Efficient Verified Machine Unlearning For Distillation
Yijun Quan, Zushu Li, Giovanni Montana
TL;DR
The paper tackles the challenge of efficiently and verifiably removing data influence in knowledge-distillation pipelines, where teacher-to-student information flow undermines traditional SISA-based unlearning. It introduces PURGE, a framework that partitions teacher constituents among disjoint student shards and uses incremental multi-teacher distillation to preserve data isolation during training. The authors provide theoretical speed-up analyses showing at least $N$-fold improvements over naive baselines for teacher-side unlearning, while empirical results demonstrate that PURGE maintains student accuracy close to SISA across vision, language, and mixed tasks. This approach enables practical, privacy-preserving deployment of distillation-based systems by significantly reducing retraining costs without sacrificing performance.
Abstract
Growing data privacy demands, driven by regulations like GDPR and CCPA, require machine unlearning methods capable of swiftly removing the influence of specific training points. Although verified approaches like SISA, using data slicing and checkpointing, achieve efficient unlearning for single models by reverting to intermediate states, these methods struggle in teacher-student knowledge distillation settings. Unlearning in the teacher typically forces costly, complete student retraining due to pervasive information propagation during distillation. Our primary contribution is PURGE (Partitioned Unlearning with Retraining Guarantee for Ensembles), a novel framework integrating verified unlearning with distillation.
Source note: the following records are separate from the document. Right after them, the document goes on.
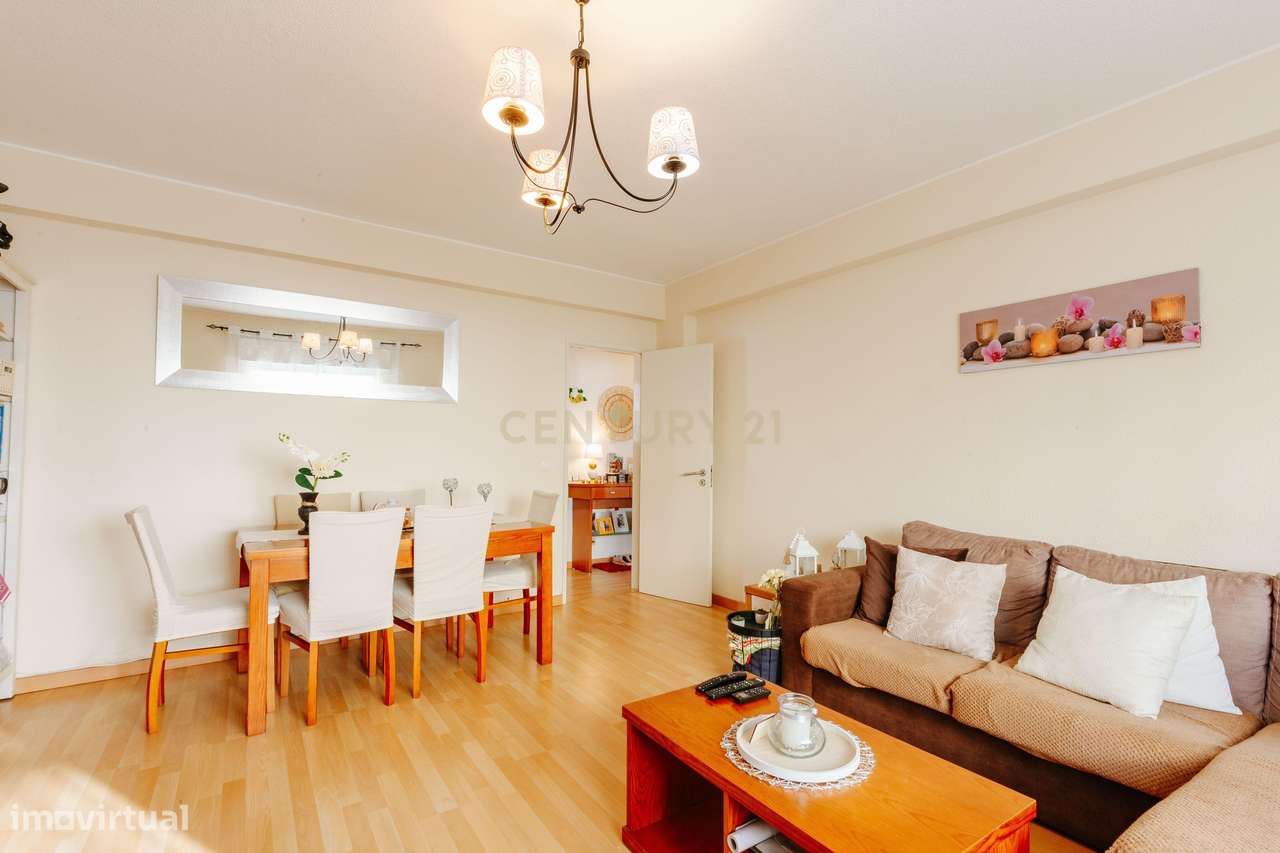 Apartamento T2 Alhandra-0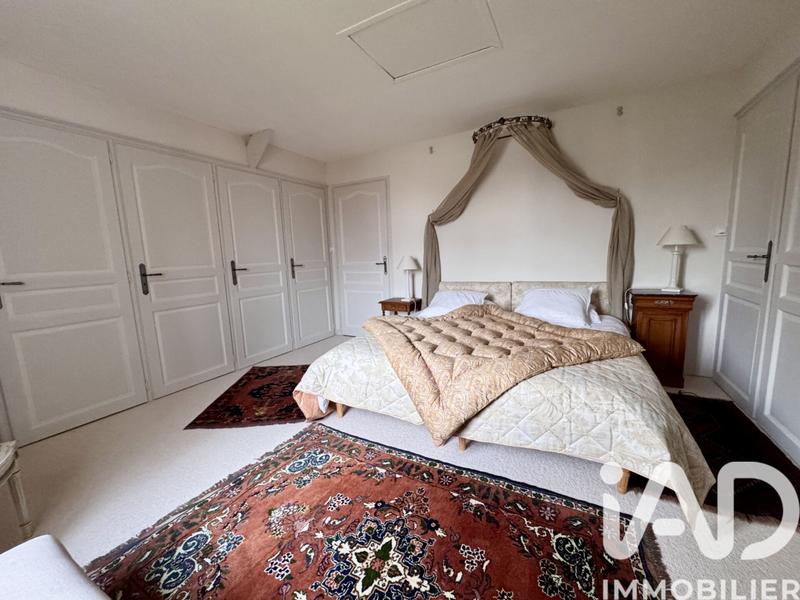 Maison - 293 m² - 10 pièces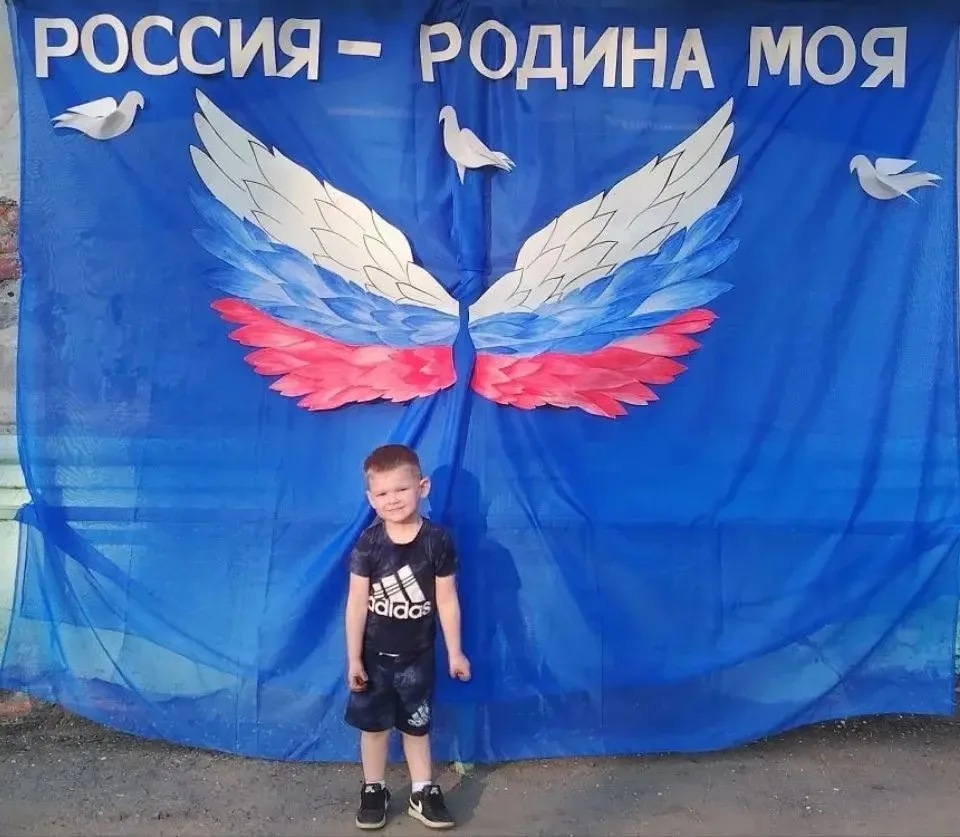 Фоточеллендж ко Дню России «Моя семья: Россия в объективе» 🇷🇺
Россия — это не просто огромная терр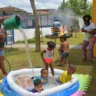 Escolas municipais celebram Dia das Crianças com banhos em piscinas plásticas e exercícios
We introduce constituent mapping and an incremental multi-teacher strategy that partitions the distillation process, confines each teacher constituent's impact to distinct student data subsets, and crucially maintains data isolation. The PURGE framework substantially reduces retraining overhead, requiring only partial student updates when teacher-side unlearning occurs. We provide both theoretical analysis, quantifying significant speed-ups in the unlearning process, and empirical validation on multiple datasets, demonstrating that PURGE achieves these efficiency gains while maintaining student accuracy comparable to standard baselines.